Halina i Benedykt Galiccy
Pani Halina i pan Benedykt poznali się w miejscowości Bogate, w dawnym województwie warszawskim. Do Raciborza trafili za mieszkaniem i pracą. Oboje pracowali w Rafako. Małżeństwo ma jednego syna. Państwo Galiccy doczekali się także dwóch wnuczek. Zdaniem jubilatów najlepszą receptą na długie małżeństwo jest wzajemna cierpliwość do siebie nawzajem.
Jadwiga i Franciszek Kokora
Oboje działali w Związku Młodzieży Polskiej, który tak naprawdę ich połączył. Poznali się bowiem na jednym z zebrań ZMP. Państwo Kokora do Raciborza przyjechali z Trzebnicy. Po przeprowadzce do Raciborza pan Franciszek pracował jako maszynista, wpierw na parowozach, a następnie na elektrowozach. Pani Jadwiga pracowała natomiast w przedszkolu, a następnie na kolei. Małżeństwo doczekało się dwóch synów. Mają także troje wnucząt. – Trzeba sobie wzajemnie wybaczać, bo nie zawsze jest kolorowo. Raz na wozie, raz pod wozem, ale najważniejsze, by trwać razem i ciągle ten wóz pchać do przodu – stwierdziła pani Jadwiga zapytana o receptę na długie małżeństwo.

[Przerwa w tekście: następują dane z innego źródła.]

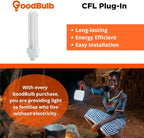 GoodBulb 13 Watt CFL Light Bulbs | 4 Pin G24Q-1 Base 2700K Soft White | 13W High Output 900 Lumens | Double Tube Compact Fluorescent Light Bulbs Plug-in | 10 Pack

Wanda i Ginter Polaczkowie
Pani Wanda pochodzi w Wielunia natomiast pan Ginter z Rudnika. Poznali się na zabawie tanecznej. Z zawodu pani Wanda jest kucharką, z kolei pan Ginter cieślą. Jako uczeń uczęszczał do raciborskiej Budowlanki. Swe zawodowe życie poświęcił branży budowlanej. Małżeństwo doczekało się trójki dzieci – dwóch córek i syna. Mają także pięcioro wnucząt. Zdaniem jubilatów receptą na długie małżeństwo jest wzajemna zgoda i wybaczenie. – Nie zawsze przecież świeci słońce – stwierdziła pani Wanda.